Ein weiteres, seit langem auf meiner “to look at”-Liste firmierendes Projekt ist Apache Lucene. Die schiere gigantische Grösse des Projekts hinderte mich bisher, mich daran zu wagen. Apache-üblich vebrirgt sich der Charme der Einfachheit hinter einem Wust von gefühlt Millionen von Bibliotheken und Dokumentationsseiten.

Aber, anders als etwa bei Maven kann man die Lucene-Dokumentation auch verstehen, wenn man nicht nacheinander Informatik, Anglistik und Philosophie studiert hat, wenn man erst mal den Einstieg gefunden hat. Dieser Text hier soll ein solcher Einstieg sein.

Was es ist

Lucene ist ein Java-Framework zum Indizieren und Wiederauffinden von Dokumenten aller Art. Bei der Suche akzeptiert es diese komplexen Suchausdrücke, die wir alle von grossen Websites her so schätzen (was daran liegen mag, dass viele dieser Websites mit Lucene als Suchmaschine arbeiten).
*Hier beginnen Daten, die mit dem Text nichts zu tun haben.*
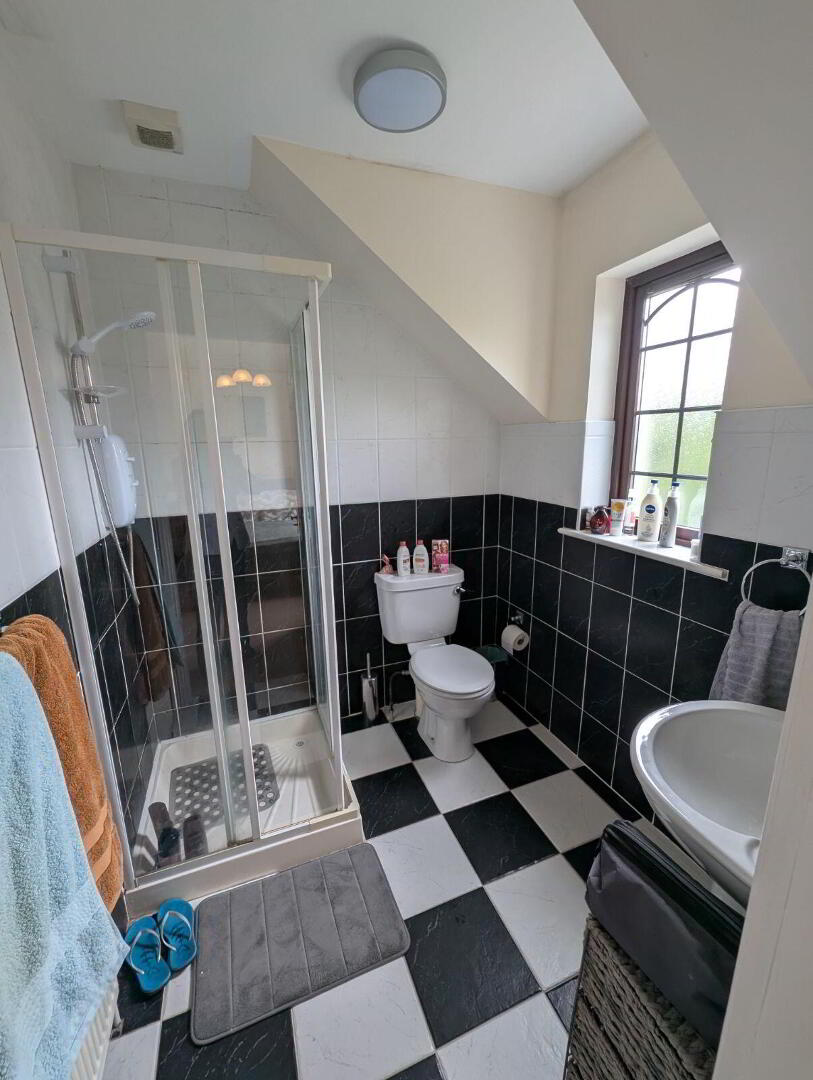 16 Mac Raghnaill Court 24 of 25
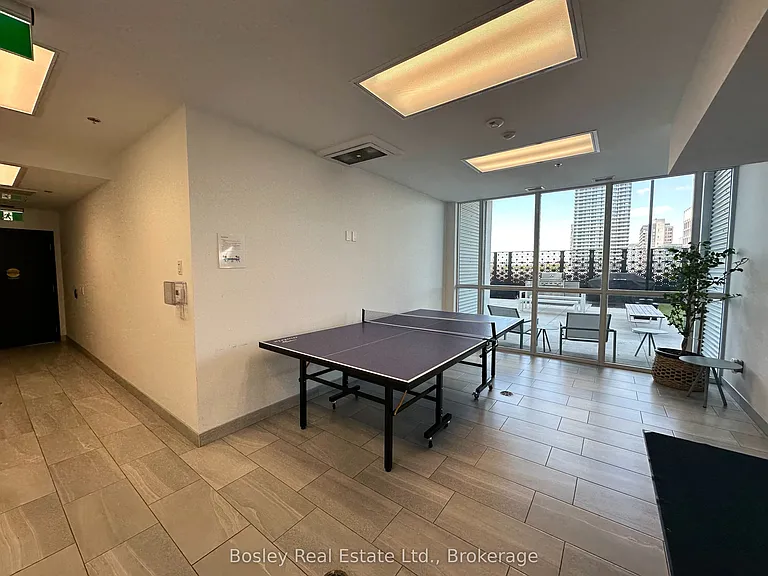 60 Charles St W #1110 — Photo 14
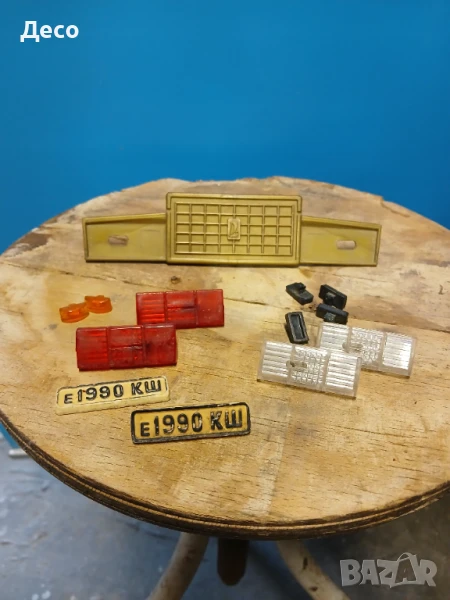 LADA 2107 части за руска играчка., снимка 1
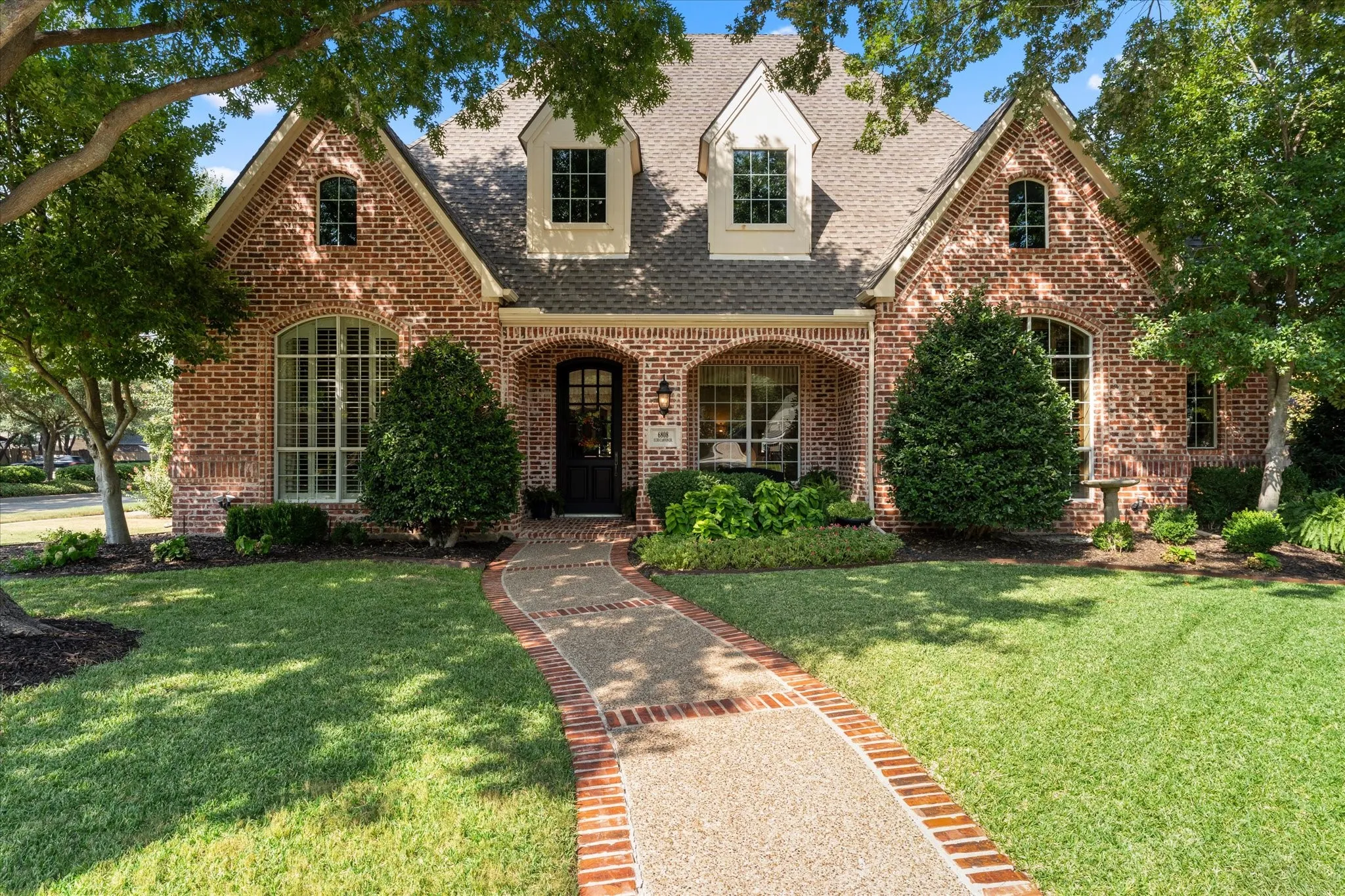 Single Family Residence For Sale in Collin County , 6808 Echo Canyon Drive, Mc Kinney, Texas 75072, 4 Bedroom, 4 Bathroom, 3 Garage spaces, 4,513 Sqft, built in 2004, mls#21369647, Real Estate Agent in Mc Kinney, Homes For Sale in Collin county, Homes For Sale in Mc Kinney, Realtor in Mc Kinney Texas, Real Estate Brokerage Independent Realty Texas, Luminita Cordes Realtor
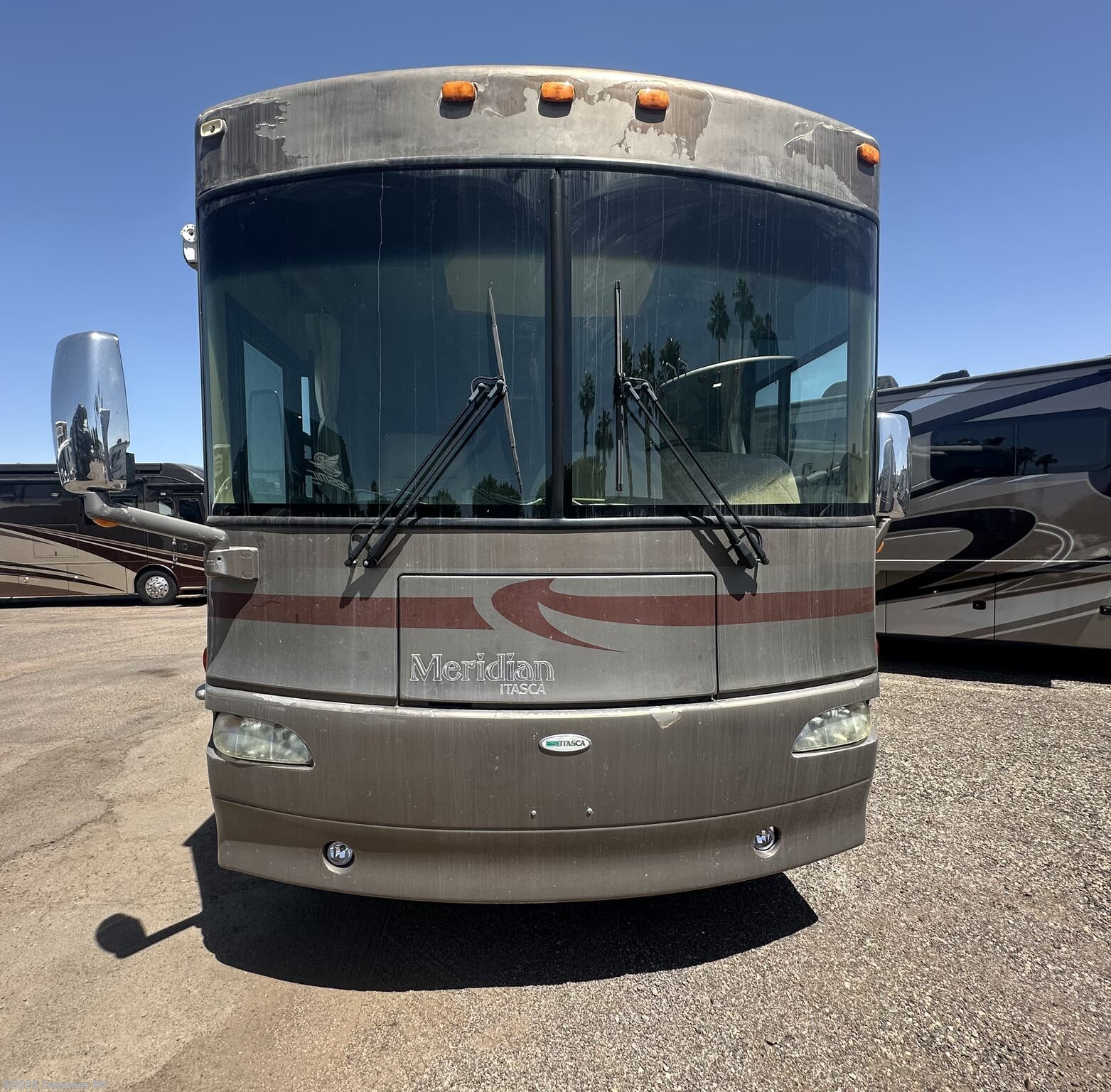 Call now about this 2007 Itasca Meridian 34H! 2007 Itasca Meridian 34H - Used Diesel Pusher For Sale by Cassones RV in Mesa, Arizona features Leveling Jacks, Backup Monitor, TV, Air Conditioning, Hitch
So kann man bespielsweise nach Meier suchen, oder auch nach M??er, wenn man nicht mehr so genaus weiss, ob er Mayer, Maier, Meier oder Meyer heisst. Oder man kann auch nach Meier~ suchen, um alle Wörter zu finden, die ‘ähnlich’ sind, wie “Meier”. Oder wenn man aus der Programmierer-Ecke kommt, mag man vielleicht einen regulären Ausdruck wie /M[ae][iy]er/. All das geht, und natürlich kann man auch Suchterme kombinieren: +Hans -Fritz +Meier, oder "Hans Meier"~5 (Hans und Meier müssen vorhanden und maximal 5 Wörter auseinander sein), oder auch Hans AND (M??er OR /M(ue|ü)ller/).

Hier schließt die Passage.